> [STORED DATA]:
######

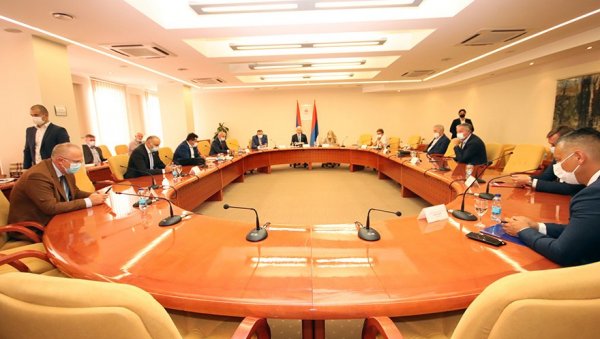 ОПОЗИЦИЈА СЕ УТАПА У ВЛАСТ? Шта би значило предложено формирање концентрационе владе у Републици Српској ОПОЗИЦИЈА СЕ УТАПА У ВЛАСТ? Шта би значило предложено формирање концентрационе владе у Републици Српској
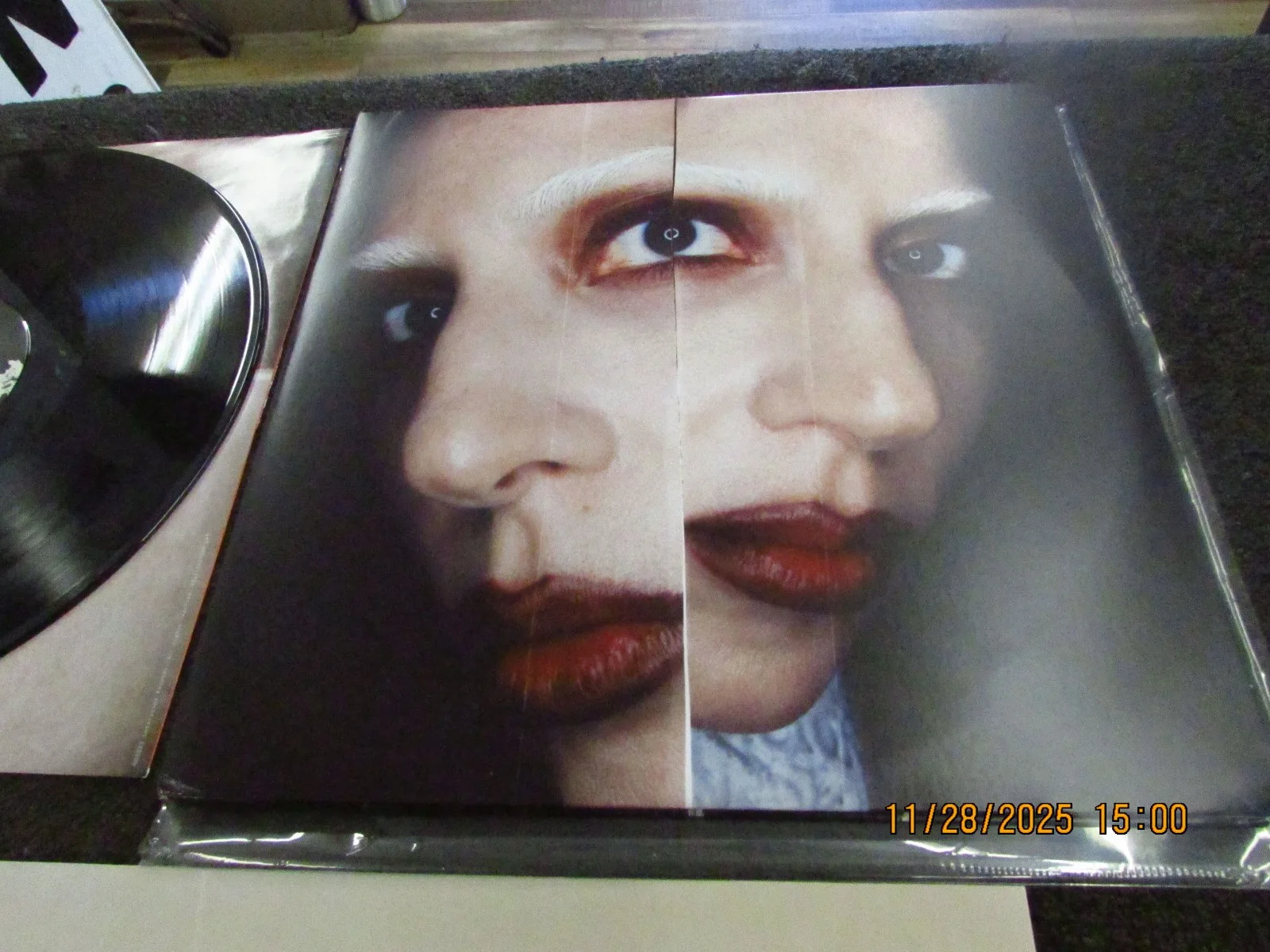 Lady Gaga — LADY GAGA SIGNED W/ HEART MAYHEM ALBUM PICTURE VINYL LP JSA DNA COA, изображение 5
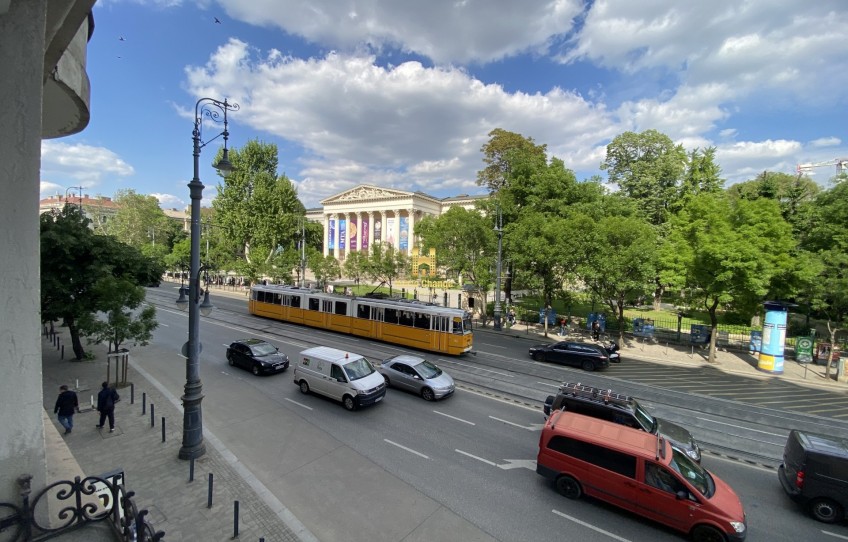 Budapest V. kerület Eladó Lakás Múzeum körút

######

> [EXERCISE DESCRIPTION]: Please transcribe the listing above verbatim and exclude every picture.

> [TASK RESULT]:
 ОПОЗИЦИЈА СЕ УТАПА У ВЛАСТ? Шта би значило предложено формирање концентрационе владе у Републици Српској ОПОЗИЦИЈА СЕ УТАПА У ВЛАСТ? Шта би значило предложено формирање концентрационе владе у Републици Српској
 Lady Gaga — LADY GAGA SIGNED W/ HEART MAYHEM ALBUM PICTURE VINYL LP JSA DNA COA, изображение 5
 Budapest V. kerület Eladó Lakás Múzeum körút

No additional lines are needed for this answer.